:: DIRECTIONS ::
With the images removed, write out every line below exactly.

:: WORKING DATA ::
:::

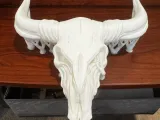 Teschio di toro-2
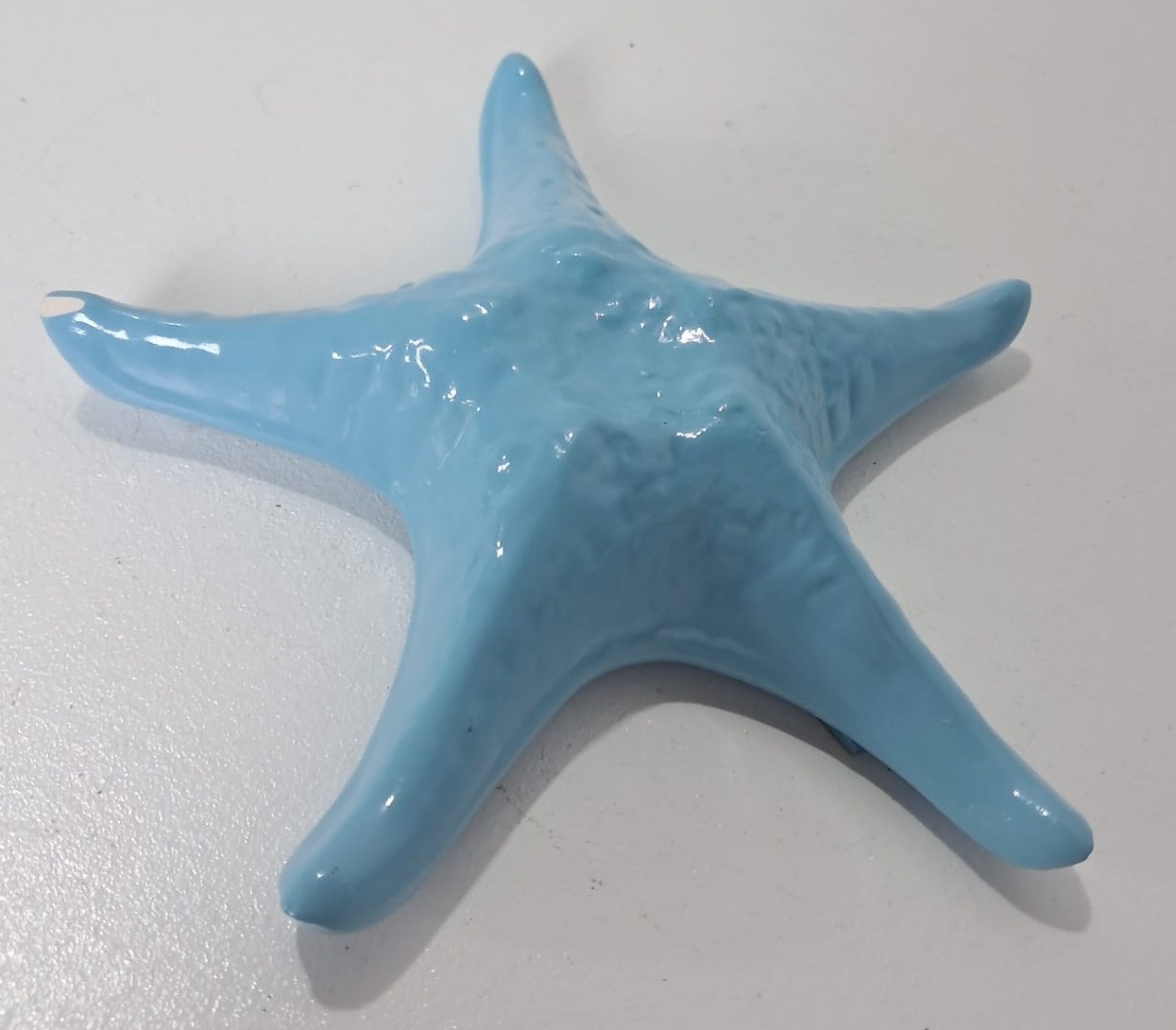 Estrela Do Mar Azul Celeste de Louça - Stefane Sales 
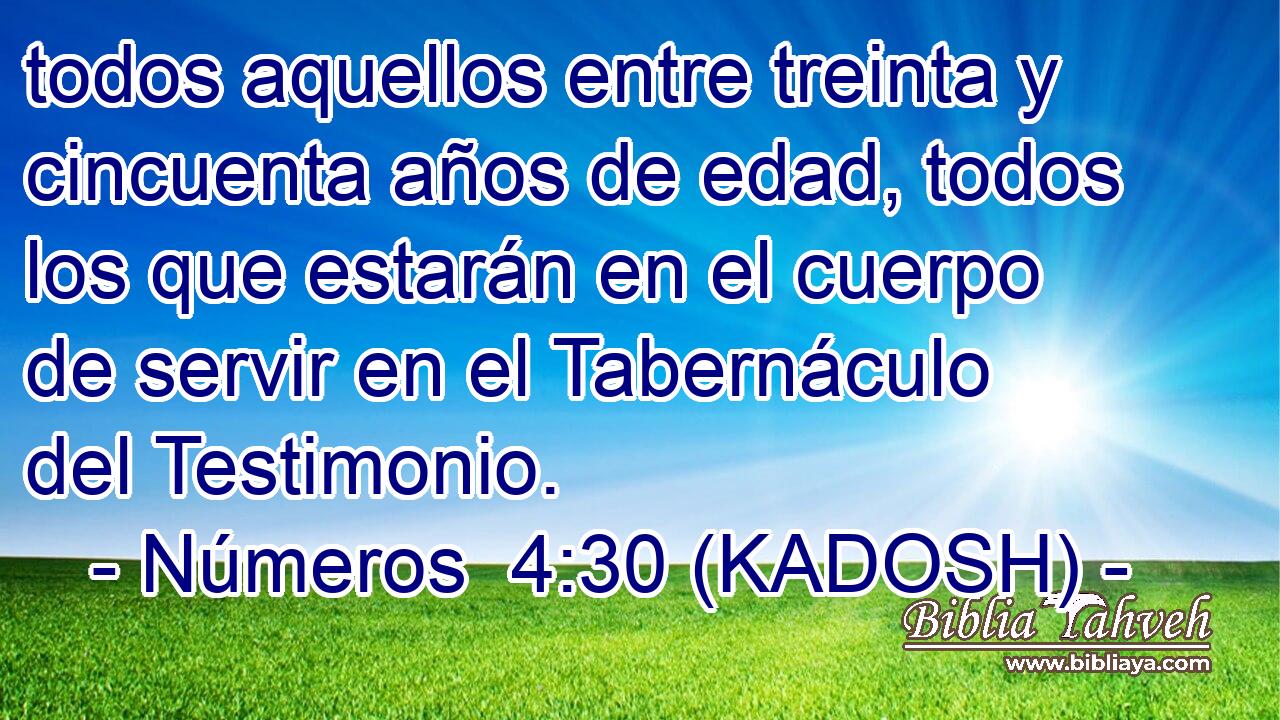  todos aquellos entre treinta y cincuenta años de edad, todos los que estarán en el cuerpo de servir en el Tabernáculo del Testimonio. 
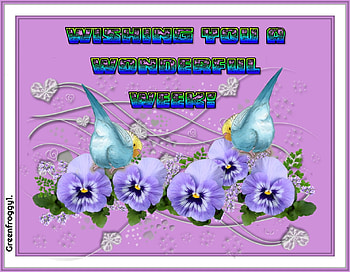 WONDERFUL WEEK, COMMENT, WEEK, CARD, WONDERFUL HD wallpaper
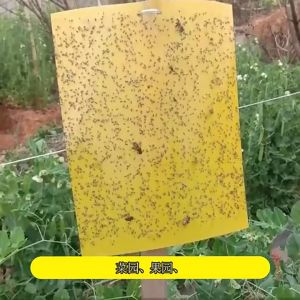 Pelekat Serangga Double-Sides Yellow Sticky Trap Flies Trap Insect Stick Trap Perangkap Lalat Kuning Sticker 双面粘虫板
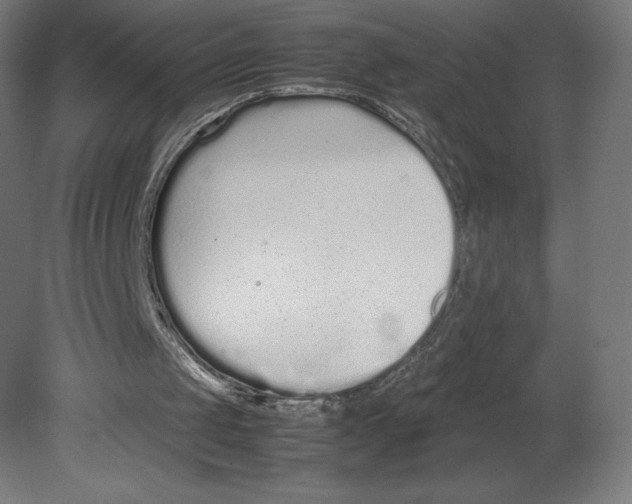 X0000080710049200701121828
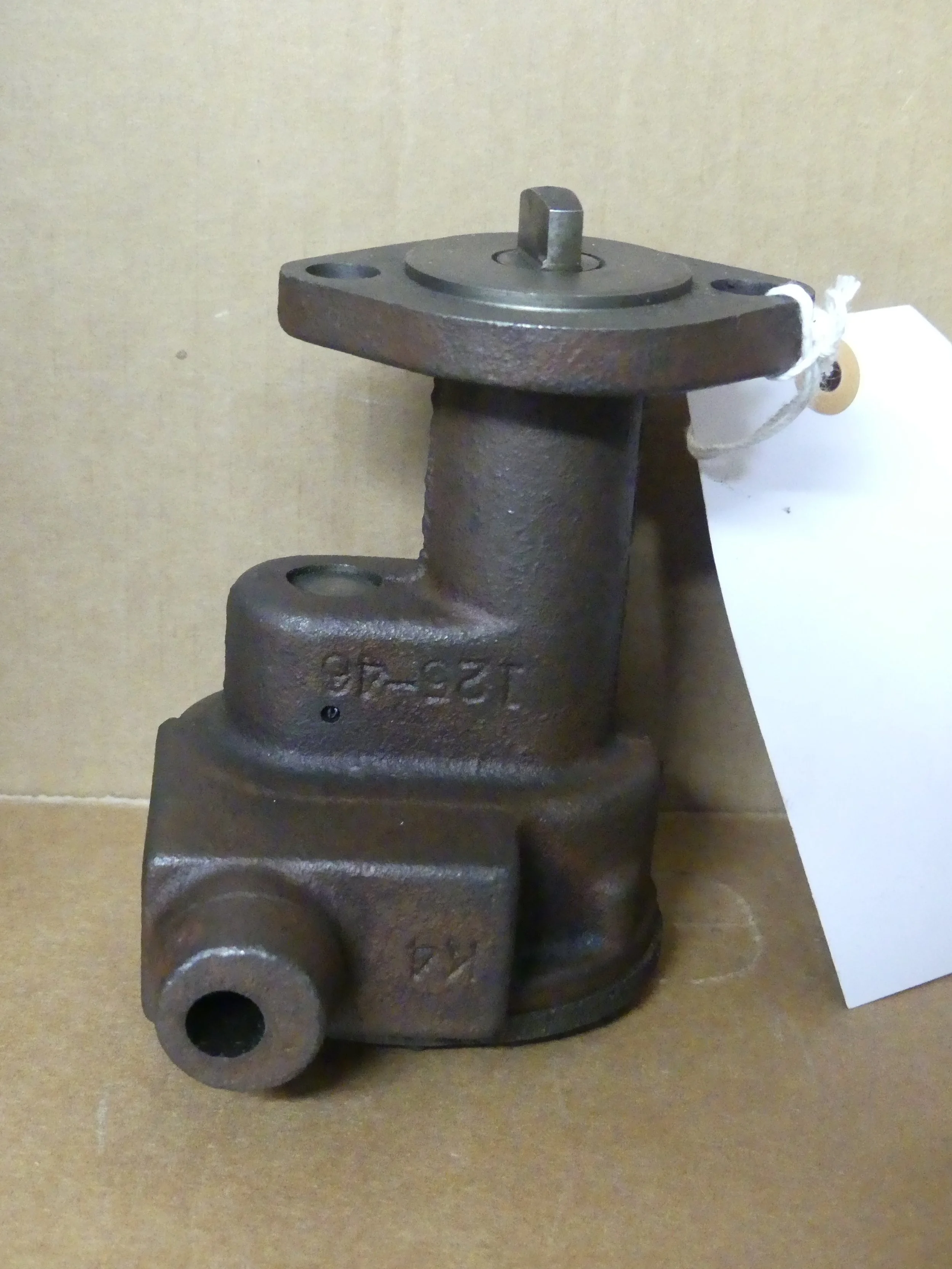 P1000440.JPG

:::

:: PROBLEM SOLUTION ::
 Teschio di toro-2
 Estrela Do Mar Azul Celeste de Louça - Stefane Sales 
  todos aquellos entre treinta y cincuenta años de edad, todos los que estarán en el cuerpo de servir en el Tabernáculo del Testimonio. 
 WONDERFUL WEEK, COMMENT, WEEK, CARD, WONDERFUL HD wallpaper
 Pelekat Serangga Double-Sides Yellow Sticky Trap Flies Trap Insect Stick Trap Perangkap Lalat Kuning Sticker 双面粘虫板
 X0000080710049200701121828
 P1000440.JPG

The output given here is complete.